The petitioner had claimed commutation of pension in the year 2014 and thus commutation installment of Rs. 4946/- was to be deducted for a period of 15 years. However, the commuted installment of Rs. 4946/- was not deducted. As a result, excess payment of Rs. 3,11,894/- was made to the petitioner, which is liable to be recovered. The Reserve Bank of India vide Circular No. RBI/2015-16/340 dated 17-3-2016 has clearly provided that as soon as the excess/wrong payment made to a pensioner comes to the notice of the paying branch, then the branch should adjust the same against the amount standing to the credit of pensioner’s account to the extent possible including lumpsum arrears payment. The petitioner had given an undertaking to refund or make good to the bank, any amount to which she was not entitled or any excess payment, which may be credited to her account. Although, the petitioner had claimed commutation of pension and she was fully aware of the fact that she is not entitled for the entire pension but still she did not bring it to the notice of the bank that excess pension is being made. The bank should have deducted the commuted portion of pension, whereas she was continuously receiving her full pension, which clearly indicates the dishonest intention of the petitioner. 5. Respondent No. 3 has filed its return separately and has claimed that although the excess payment was made by respondents No. 1 and 2/State Bank of India but since petitioner was an ex-employee of Kendriya Vidyalaya Sangthan, therefore, if the petitioner is seeking any relief against Kendriya Vidyalaya Sangthan, then she has to approach the Central Administrative Tribunal and writ petition is not maintainable. 6. It is also submitted that all the relevant orders related to pension of petitioner were sent to Manager (Pension), State Bank of India, Main Branch Parliament Street, New Delhi and copies were endorsed to the petitioner from time to time by speed post. The total retirement benefit amounting to Rs. 13,17,260/- comprising of retirement gratuity of Rs. 7,78,995/-, the commutation of pension Rs. 4,86,331/- and Leave Encashment of Rs. 51,934/- was paid to her through the Principal, KV CMM, Jabalpur vide Cheque No. 258462 dated 30-8-2014 on her superannuation and the acknowledgement receipts of the aforesaid payment executed by the petitioner have also been filed as Annexure- R/2.

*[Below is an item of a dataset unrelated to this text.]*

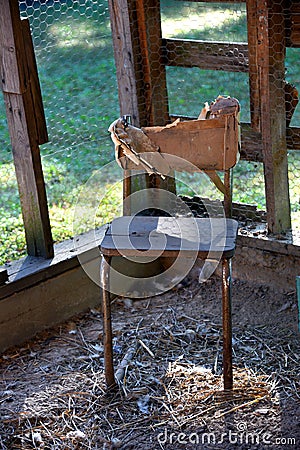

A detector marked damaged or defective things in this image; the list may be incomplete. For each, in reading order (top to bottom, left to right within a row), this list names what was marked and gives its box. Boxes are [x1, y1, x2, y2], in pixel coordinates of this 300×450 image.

rusty metal chair [99, 97, 240, 390] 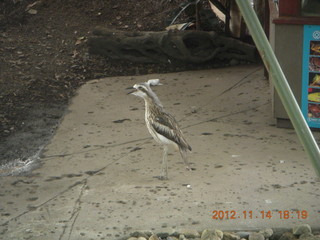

13,17,260/- comprising of retirement gratuity of Rs. 7,78,995/-, the commutation of pension Rs. 4,86,331/- and Leave Encashment of Rs. 51,934/- was paid to her through the Principal, KV CMM, Jabalpur vide Cheque No. 258462 dated 30-8-2014 on her superannuation and the acknowledgement receipts of the aforesaid payment executed by the petitioner have also been filed as Annexure- R/2. After release of payment of commutation of pension, revised pension payment order was issued on 11-9-2014 by deducting the amount of commutation i.e. Rs. 4946/- p.m. out of full pension of Rs. 12,365/- and reduced pension payable @ Rs. 7,419(+)DR on original pension as admissible from time to time. 7. The petitioner had also submitted an undertaking with regard to refund of excess payment paid to her towards retirement gratuity, leave encashment, pension including Ad-hoc relief and other dues. Even, after receipt of revised pension payment order dated 11-9-2014, the petitioner did not inform to the Disbursing Authority regarding excess receipt of commuted portion of pension of Rs. 4946/-. Thus, it is also the case of respondent No. 3 that petitioner was wrongly paid full pension and the commuted portion of pension was not deducted. 8. Heard the learned counsel for parties. 9. The petitioner has not disputed the fact that she had commuted the pension and had received an amount of Rs. 4,86,331/- towards the commutation of pension. She has also not disputed her liability to refund the commuted portion of pension in easy installment of Rs. 4946/- p.m. for 15 years. It has also not been disputed by the petitioner that the revised pension payment order was also received by her. It is also not disputed by her that she did not bring it to the knowledge of the Disbursing Authority about the excess payment of pension. 10. The only contention of counsel for petitioner is that once the person has retired, then the excess payment cannot be recovered in the light of Rafiq Masih (supra). 11. Considered the submissions made by counsel for parties. 12. It is the case of respondents that petitioner had also executed an undertaking that in case if any excess payment is made, then she will be liable to refund the same. 13. The petitioner was already in possession of the revised pension payment order.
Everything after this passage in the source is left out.